Seven Layer Honey Sheet Cake – Recipe
Honey is such a versatile food staple. It may be used as a sweetener in teas, a flavor enhancer in fruit dips, used in homemade cough syrup, as well as in cooking and baking by practically every country in the world.
Today I will share a recipe for a Seven Layer Honey Sheet Cake, which I extensively modified to my own taste, using a basic recipe from a long time friend.
This cake not only presents itself nicely, but it also has a great flavor.
Sheet cakes are so much easier to bake and assemble than tortes, yet they still can look very presentable and appetizing. You can be very creative with cutting up sheet cakes, by making individual servings, bite size samplers, diamond, square, or rectangular shapes.

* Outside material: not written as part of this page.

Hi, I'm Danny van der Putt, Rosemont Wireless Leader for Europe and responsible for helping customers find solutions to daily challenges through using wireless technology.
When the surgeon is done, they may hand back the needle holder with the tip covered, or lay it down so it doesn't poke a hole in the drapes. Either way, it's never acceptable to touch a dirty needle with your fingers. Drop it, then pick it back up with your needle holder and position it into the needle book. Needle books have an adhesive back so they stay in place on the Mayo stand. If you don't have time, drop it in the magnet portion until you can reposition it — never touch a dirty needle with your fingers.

This sheet cake starts off on a crisp side right after baking, but once layered with the filling, it begins to soften up. It is very important to keep the filling refrigerated until ready to use. Also, once all the layers are completed, the “torte” needs to be fully wrapped in foil paper, and stored in the refrigerator until serving time, to prevent melting down of the filling, and saturating the cake layers with moisture (see TIP, for important suggestions).
- 1 cup honey
- 2 cups flour
- 2 eggs
- 1 cup brown sugar(or less if you prefer less sweetness)

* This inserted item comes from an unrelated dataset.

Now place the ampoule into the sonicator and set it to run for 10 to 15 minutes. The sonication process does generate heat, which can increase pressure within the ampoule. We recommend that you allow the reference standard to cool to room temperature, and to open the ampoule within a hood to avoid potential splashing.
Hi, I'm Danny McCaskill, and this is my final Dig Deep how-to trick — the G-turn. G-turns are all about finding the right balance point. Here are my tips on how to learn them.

- 3/4 cup Canola oil, or your favorite vegetable oil (not olive oil)
- 1 1/2 tsp baking powder
- 1 tsp baking soda
- 1/8 tsp salt
- 1 tsp cinnamon
- 1/4 tsp cloves, ground
- 1/8 tsp allspice, ground
- 1 1/2 cup butter, softened (not melted)
- 1 packet Dr. Oetker Original Vanilla Sugar, or 1 tsp vanilla extract
- 1 cup powdered sugar
- pinch of salt
- 2 tsp lemon juice
- 2 1/2 cup Cream of Wheat, cooked and cooled
- Apricot Jam
- Mix eggs and sugar until thick, and light yellow color.
- Mix in honey, then add oil, and mix well.
- Mix the flour with baking powder, baking soda, salt, cinnamon, cloves and allspice.
- This batter is thicker than cake batter, so you will need to spoon it into the cake pans.
- Prepare 2 sheet cake pans 10 x 18, by lining them with parchment paper (dab lightly the bottom of the pan with vegetable shortening, before laying down the parchment paper, so it stay down better).
- Divide the batter into two portions, and spread evenly in each pan.
- Preheat oven to 300 F, and bake each cake for 15 minutes, on the middle rack.
- Do not test the cake for readiness, since it is very soft, and will drop down.
- Remove it from the oven, and cool in the pan for 10 minutes.
- Invert on a cooling rack (handle with care, as the cake is crispy), carefully peel off parchment paper.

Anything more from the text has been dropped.